Blogtober 2024 : Day 15

Tuesday!  What’s your day been like?  I’ve been rootling through bookshelves today.  It must have been all the decluttering I was talking about with my girls at the weekend, and I’ve been going through to check that I still want to keep all the books I have.  I’m not very good at letting books go, and if I’ve really enjoyed a book then I’ll happily read it more than once, but I do know that sometimes there are books on my shelves that would be better off being enjoyed by someone else.

It wasn’t actually that long since I last looked at them and I didn’t find anything new that I wanted to re-home, but I did find some books that I have had since I was small.  They’re not hidden away but because I don’t look at them all the time, I forget they’re there.

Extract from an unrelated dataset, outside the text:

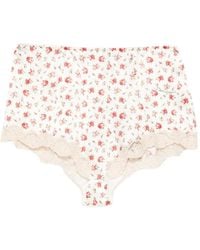 Dolce & Gabbana - Culotte À Fleurs Et À Dentelle - Lyst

I was an avid reader as a child.  All my life, really, until about 10 years ago when I finished my Master’s Degree and found that I just couldn’t face another book.  I can read text books but not novels; they just don’t appeal to me and whilst my book-reading mojo has been lost for a long time now, I am still confident that one day it will come back and I’ll manage more than one or two a year!

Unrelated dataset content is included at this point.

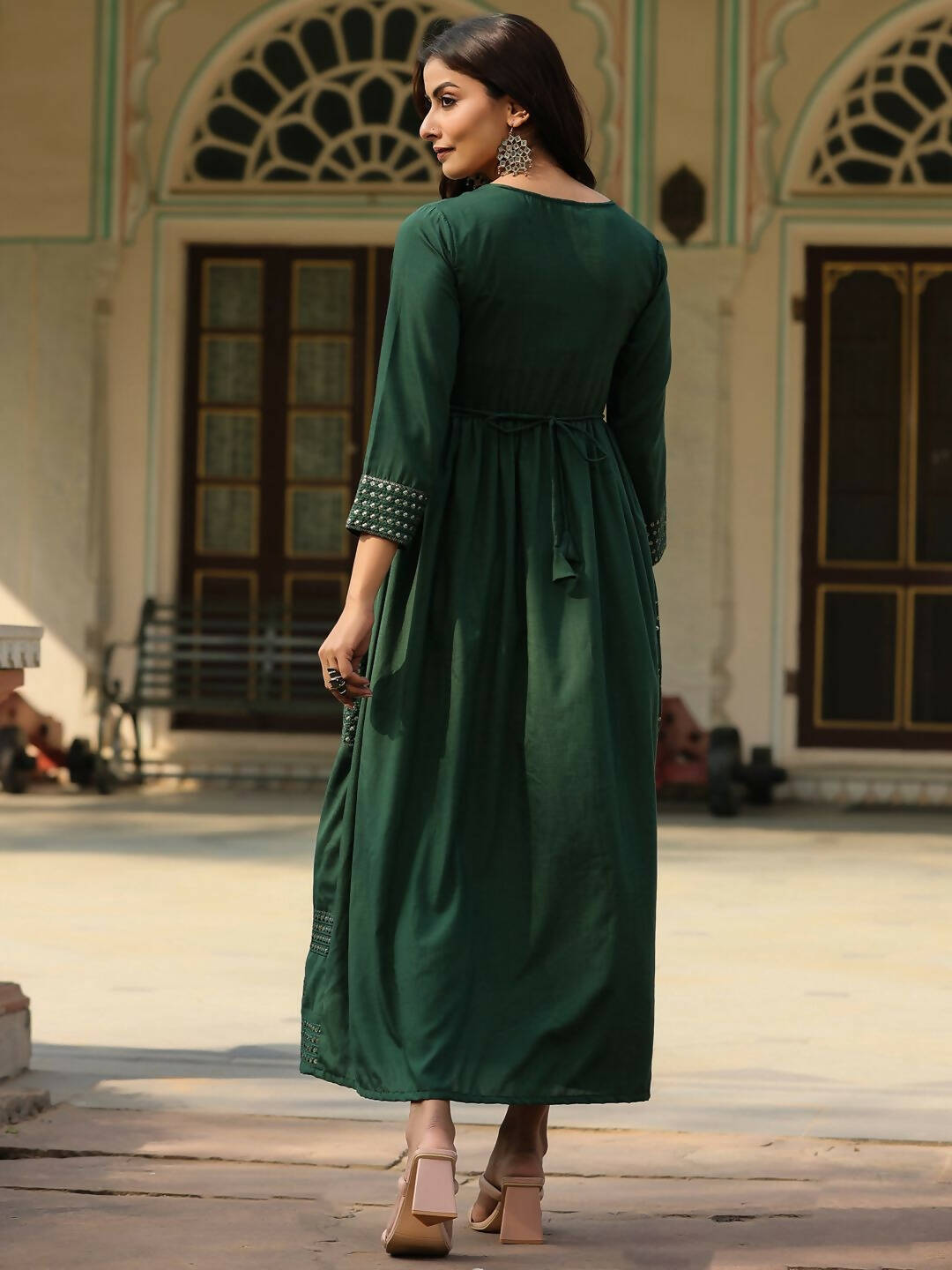 Juniper Women's Green Festive Embroiderd Flared Dress | Swadesiicart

The books I found today, though, have been read many times!  They were read to me and by me when I was little, and I used to read them to my girls when they were small too.

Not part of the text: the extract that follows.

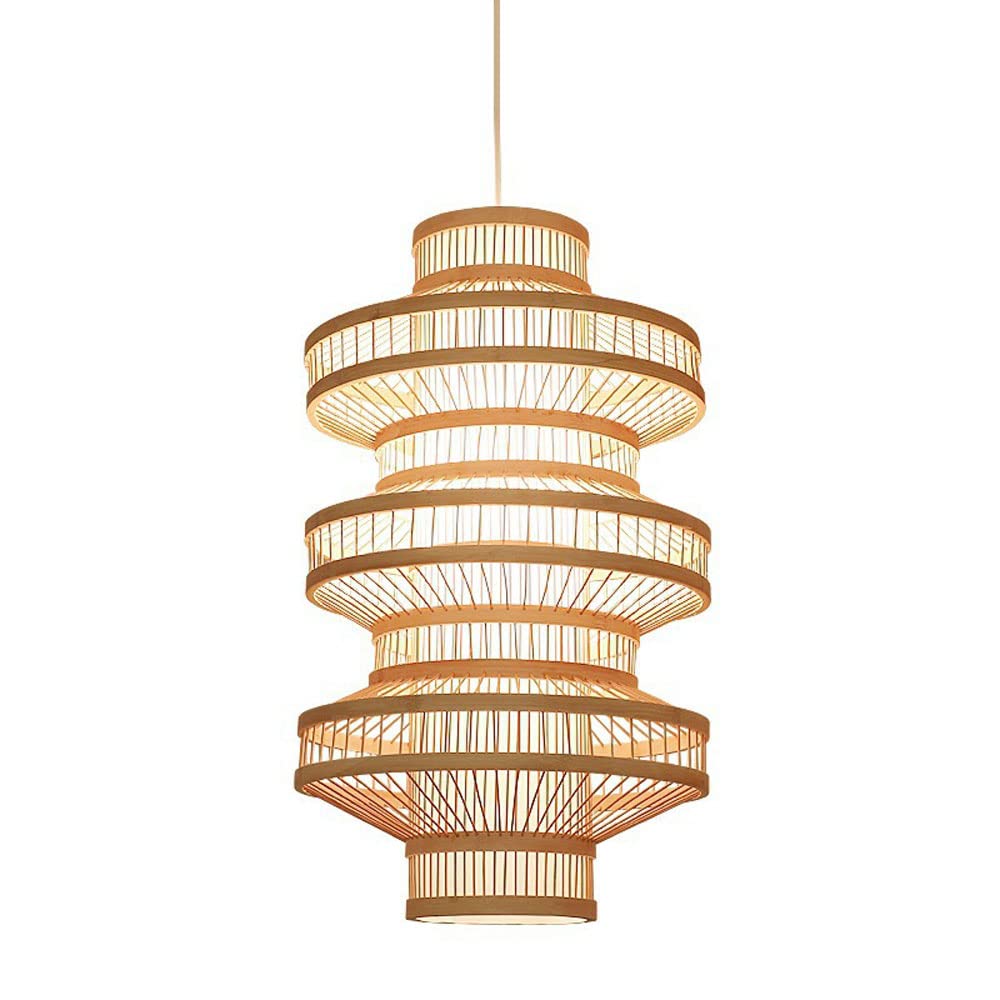KXEcoLife Large Hotel Rattan Chandelier Wicker Woven Ceiling Lighting Hanging Light Fixture Handmade Bamboo Pendant for Kitchen Island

A selection of children's story books lying on a wooden table

They were published by The Medici Society, a company set up in 1908 to bring artists’ work to a wider audience, and they are gentle tales about nature, animals helping each other and kindness – and always with a happy ending.  The Medici Society still exists although they don’t sell books any more.  You can still find the books that they published in old bookshops and also on Ebay, so I’m glad to know that other people can still read and enjoy them.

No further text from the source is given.